Module 13 of 21 · Applied

How NAT uses state, and why it breaks assumptions

17 min read 3 outcomes Scenario quiz

By the end of this module you will be able to:

  • Explain what NAT changes, why it requires state, and how return traffic is matched
  • Describe the end-to-end principle and how NAT breaks it
  • Explain NAT traversal techniques (STUN, TURN, ICE) and why peer-to-peer applications need them
Network address translation diagram concept

Real-world problem · Ongoing

Carrier-grade NAT: when your ISP gives you a shared IP address you cannot control

Carrier-grade NAT (CGN or CGNAT) is NAT performed by an Internet Service Provider (ISP) or mobile carrier rather than a home router. The ISP assigns a single public IP address to multiple customers simultaneously. All traffic from those customers reaches the internet from the same source IP, with different port numbers distinguishing each customer's connections.

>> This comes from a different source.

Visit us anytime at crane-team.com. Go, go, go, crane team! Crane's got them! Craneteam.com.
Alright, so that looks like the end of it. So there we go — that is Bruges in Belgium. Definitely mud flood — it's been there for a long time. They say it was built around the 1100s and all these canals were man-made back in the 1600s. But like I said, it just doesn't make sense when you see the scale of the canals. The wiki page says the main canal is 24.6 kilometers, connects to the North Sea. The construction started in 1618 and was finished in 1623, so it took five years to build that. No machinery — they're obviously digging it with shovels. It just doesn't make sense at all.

RFC 6888 documents the requirements and implications of CGNAT. The practical consequences for developers include broken IP geolocation (the source IP is the ISP's NAT device in a data centre, not the customer's location), broken rate limiting by IP (one IP serves thousands of customers), and broken services that assume a persistent 1:1 mapping between user and IP address.

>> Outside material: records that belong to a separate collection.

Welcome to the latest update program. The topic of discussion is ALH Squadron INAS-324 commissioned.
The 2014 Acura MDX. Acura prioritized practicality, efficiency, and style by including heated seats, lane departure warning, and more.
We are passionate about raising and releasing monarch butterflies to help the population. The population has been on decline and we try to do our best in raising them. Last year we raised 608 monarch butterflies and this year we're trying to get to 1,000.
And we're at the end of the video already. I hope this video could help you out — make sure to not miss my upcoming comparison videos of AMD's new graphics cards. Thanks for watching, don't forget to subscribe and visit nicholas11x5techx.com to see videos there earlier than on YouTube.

For end users, CGNAT makes inbound connections impossible, breaks certain gaming services, and can make port forwarding unavailable. IPv6 addresses this problem by providing enough addresses for every device to have its own public address, removing the need for NAT entirely. But IPv4 CGNAT is standard on most mobile networks and many residential broadband connections globally.

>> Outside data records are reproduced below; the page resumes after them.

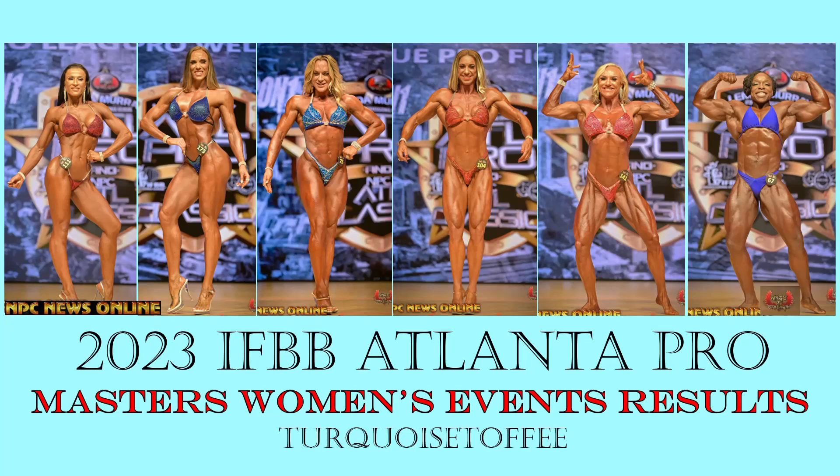Hey guys, Sophia here with Turquoise Toffee and I'm back with another video. Today we're talking about the 2023 IFBB Pro League Atlanta Pro Masters Women's Events results. We've got Masters Bikini, Wellness, Fitness, Figure, Women's Physique, and Women's Bodybuilding. If you're looking for the open divisions, I've got a whole separate video already uploaded. But this video, we are focusing just on the absolutely beautiful, amazing Masters athletes.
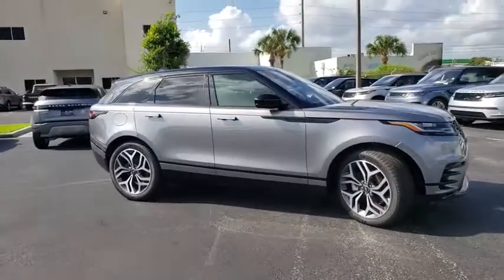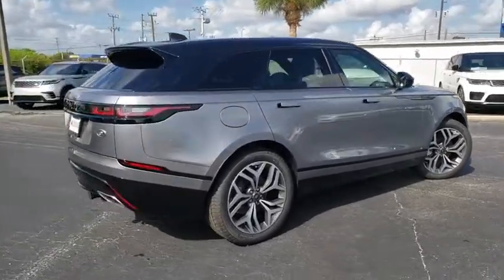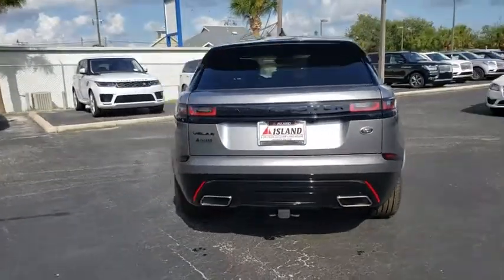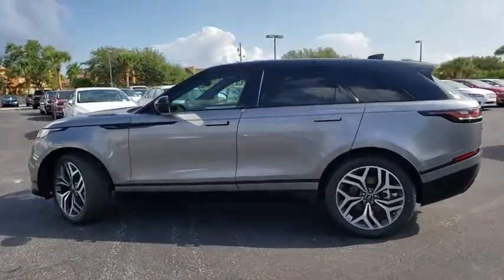Make a great choice today with the 2020 Range Rover Velar. The Range Rover Velar is a perfect blend of design, technology, and performance. This glamorous SUV will turn heads, but will also give you all the functionality you'd hope for in an SUV. Here are some of this vehicle's great options.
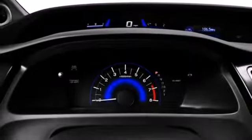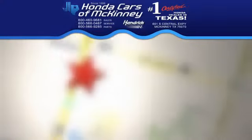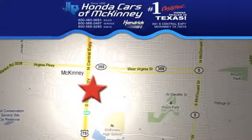Come see this capable 2013 Civic for yourself. Stop in today. We're conveniently located on Highway 75, northbound exit 40A in McKinney.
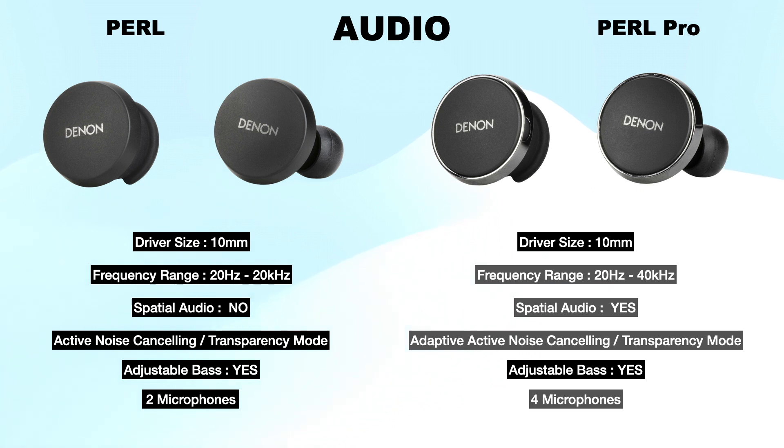Denon Pearl has no special audio but Pearl Pro has special audio. Both have transparency mode and active noise cancelling. Especially, Pearl Pro has adaptive active noise cancelling. Both have adjustable bass. Pearl has two microphones but Pearl Pro has four microphones in each earbud, as it supports APTX lossless wideband voice calls, giving high resolution super clear voice on calls.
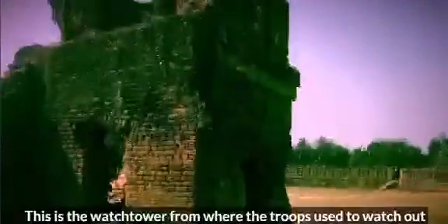These are the fire holes which were used to execute archer attacks to defend the fort. This is the watchtower from where the troops used to watch out over the whole area and look for any enemy attacks from outside.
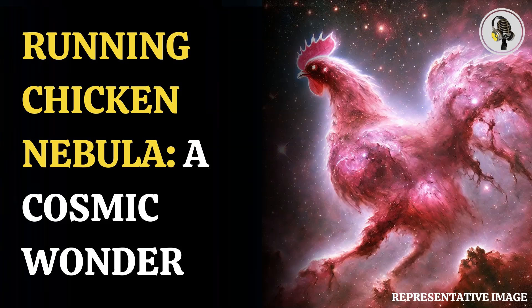The brightest region within this nebula is called IC2948, where some people located a silhouette of a chicken's head and others its rear end.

A developer reports that their application's IP geolocation feature shows wrong results for customers on certain mobile carriers. All those customers show the same IP address, and it is located in a data centre, not their city. What is happening?

13.1 Why NAT exists: the IPv4 address exhaustion problem

IPv4 uses 32-bit addresses, providing approximately 4.3 billion unique addresses. That sounded sufficient in 1981. By the early 1990s, it was clear it would not be enough for the growing internet. NAT (Network Address Translation) was one solution: allow many devices to share a single public IP address.

RFC 3022 defines traditional NAT. The idea is straightforward. An organisation with one public IP address can have hundreds of internal devices using private address ranges (10.0.0.0/8, 172.16.0.0/12, 192.168.0.0/16 as defined in RFC 1918). The NAT device rewrites source addresses on outgoing packets and reverses the process for incoming traffic.

The rewriting creates an obligation: the NAT device must track every active translation so it knows where to send the return traffic. This is the state requirement. NAT is not stateless translation. It is translation plus a per-connection mapping table.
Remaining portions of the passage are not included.